The statute law revision programme is already responsible for six distinct but complementary Statute Law Revision Acts between 2005 and 2015, which have successfully repealed all obsolete primary legislation enacted prior to Independence and, in addition, have revoked all obsolete secondary legislation made up to 1 January 1821. To date, more than 100,000 pieces of legislation and secondary instruments have been reviewed and either expressly or implicitly repealed under the programme. This Bill, when enacted, and the six previous Statute Law Revision Acts will collectively be the most extensive set of repealing measures in the history of this State and the most extensive set of statute law revision measures ever enacted anywhere in the world. I thank all of those who have breathed life, blood, sweat and tears into this over the past number of years. It has been a mammoth task.
The benefits of statute law revision are well documented and include: the creation of certainty as to which laws remain in force; the modernisation of the Statute Book; the enhancement of public accessibility to the Statute Book; and the codification or consolidation of the statute law of the State.
It is in the public interest to proceed with this Bill because the proposals will assist in reducing the regulatory burden for businesses, industry and citizens by simplifying the complex stock of legislation currently on the Statute Book. They will also help provide legal clarity. The importance of simplifying this complex stock was noted with approval by the OECD review, entitled "Better Regulation in Europe: Ireland 2010", which reported that initiatives such as the Statute Law Revision Acts were impressive efforts to address the challenge and improve accessibility.
The principal purpose of the SLRB 2024 is to repeal spent and obsolete secondary instruments enacted on or after 1 January 1821 and before 1 January 1861. This Bill will also repeal those instruments enacted before 1 January 1821 that are still in force and were not repealed by the Statute Law Revision Act 2015. The process leading to the Bill involved a review, carried out by the Law Reform Commission and sponsored by this Department, of more than 40,000 secondary instruments to ascertain if they were obsolete or were to be repealed or retained. Of those, more than 3,000 will be repealed by the Bill, and they are listed in Schedule 2.

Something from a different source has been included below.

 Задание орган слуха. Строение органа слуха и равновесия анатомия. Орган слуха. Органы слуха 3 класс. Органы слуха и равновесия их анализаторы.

Schedule 1 lists the specific instruments that are to be retained. Schedule 2, as I said, lists the instruments identified in the course of the review as appropriate for repeal at this stage because they have ceased to be relevant or have become unnecessary. The instruments listed in the Schedules were reviewed in a public consultation led by the Law Reform Commission.
Many of these instruments offer remarkable insight into the social and administrative fabric of earlier times. For example, the Bill revokes hundreds of proclamations issued on a county-by-county basis. When we had this discussion in the Dáil, many TDs went back and looked at their constituencies and what was relevant. It was fascinating to hear all of those historical facts in the Dáil. There were 426 proclamations, with Tipperary having the highest number, reflecting perhaps the social unrest and particular administrative challenges of that region at the time. Dublin had 71 proclamations, which often addressed highly localised and time-specific matters – things like the control of livestock and public safety – that are not relevant in the modern era. One particularly striking example was a proclamation prescribing the exact form of a prayer to be used during the Great Famine. It is a reminder of the strong overlap between civil governance and religious practice that existed in the 19th century.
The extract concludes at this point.